Trouver Baba Ibis n’est pas si difficile. Comme mes sœurs exercent leur métier dans des quartiers particulièrement propices à leurs activités et qu’elles sont plutôt jolies, elles ont pour clients la moitié des malfrats de la ville.

- Tu connais un certain Baba Ibis ? je demande un soir à Narih.

Elle arque un sourcil parfait et me jette un regard interrogateur.

- Pourquoi ?

- Pour le travail, je dis tout en tentant de rester assez vague.

Elle continue de me dévisager.

- Le travail ? Quel genre de travail tu fais pour vouloir parler à Baba Ibis ? Tu te lances enfin dans le business, petite sœur ?

- Tu le connais, oui ou non ?

Elle soupire, avant de lâcher :

- Oui.
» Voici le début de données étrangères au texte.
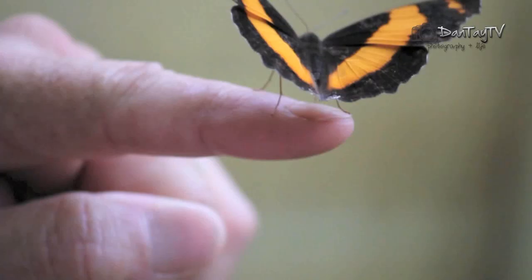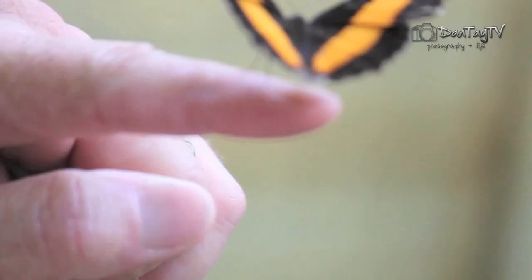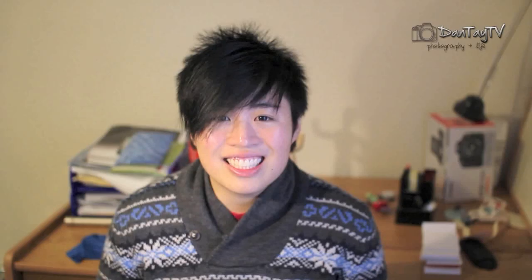Know the animal. Decide what animal you want to take photos of, research it, look it up, find out what its habitat is and where you can take photos of it. Learn everything you can about it. For example, if it is a bird, know that it moves really fast, so you need a zoom lens. Every animal has a boundary, so you have to learn the animal's boundary and don't step into it.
Il vit près du Grand Marché, dans un ancien théâtre. Pervers, mais il paie bien. Et puis il est beau… Fais juste attention à ses gardes du corps, ils ne sont pas aussi gentils. Ils n’ont pas l’habitude de demander leur avis aux femmes.
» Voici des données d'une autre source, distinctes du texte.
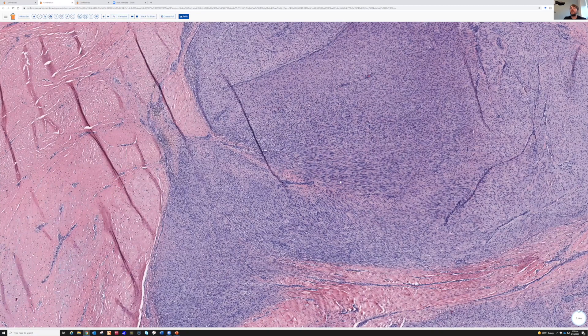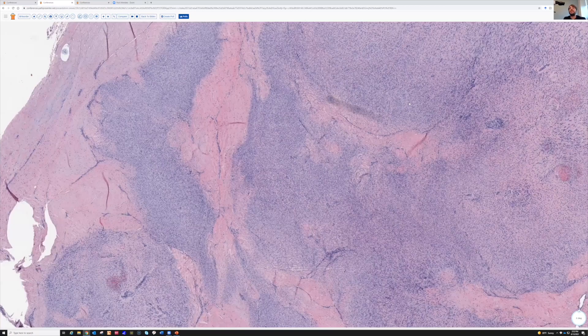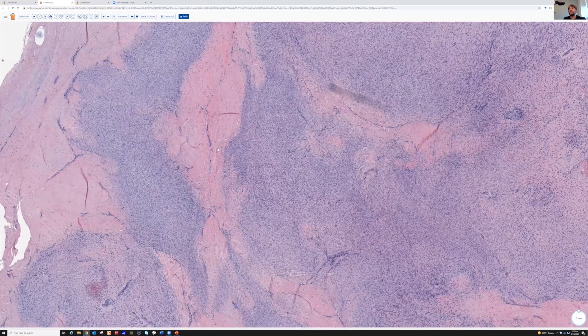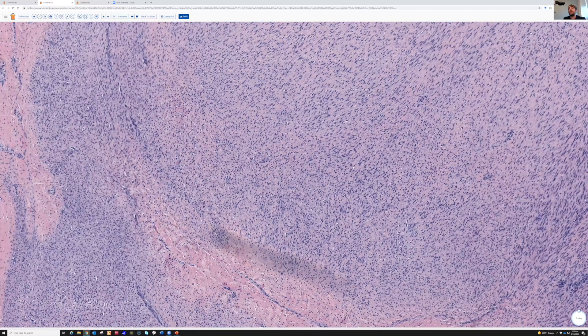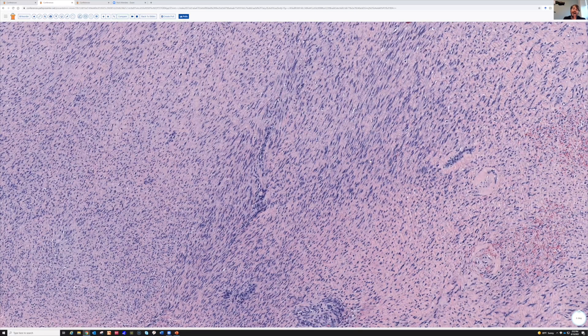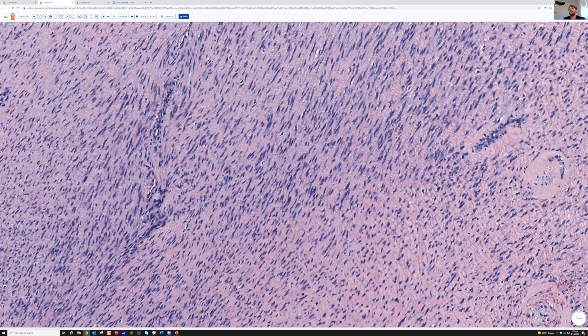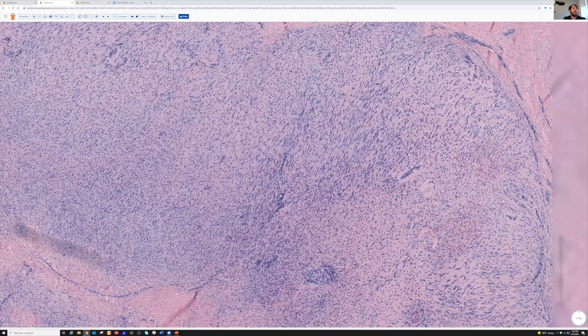We've talked about it to death, but I think it's important because these are relatively common entities and they really can trick you because of the reasons we described. In general, you can usually diagnose them on H&E. And again, a little bit of that ramen noodle effect right here — see, it's wavy, not neural though. So that's a plantar fibromatosis.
Je lui marmonne un merci qu’elle n’écoute pas puisqu’elle est trop occupée à se faire des clin d’œil dans le petit miroir qu’elle s’est acheté. Un miroir, franchement… Elle ne pourrait nous aider à économiser, Maharat et moi, pour se trouver une maison, avec de vrais murs et un vrai toit ? Il faut croire que non.

 

J’attends une nuit après mon service pour me rendre chez Baba Ibis. Le Grand Marché se repère de loin, au centre des bidonvilles. Il recèle toutes sortes de choses, de la nourriture, des animaux, des humains, des vêtements… Par contre, je ne savais pas qu’il y avait un théâtre abandonné à côté, même avec toutes mes livraisons qui m’ont fait sillonner la ville. Je n’aurais jamais soupçonné son existence si ma sœur ne m’en avait pas parlé – pourquoi construire un théâtre dans une cité qui meurt de faim et de chaleur ? Mais quand je le vois enfin, je me demande comment j’ai pu le louper.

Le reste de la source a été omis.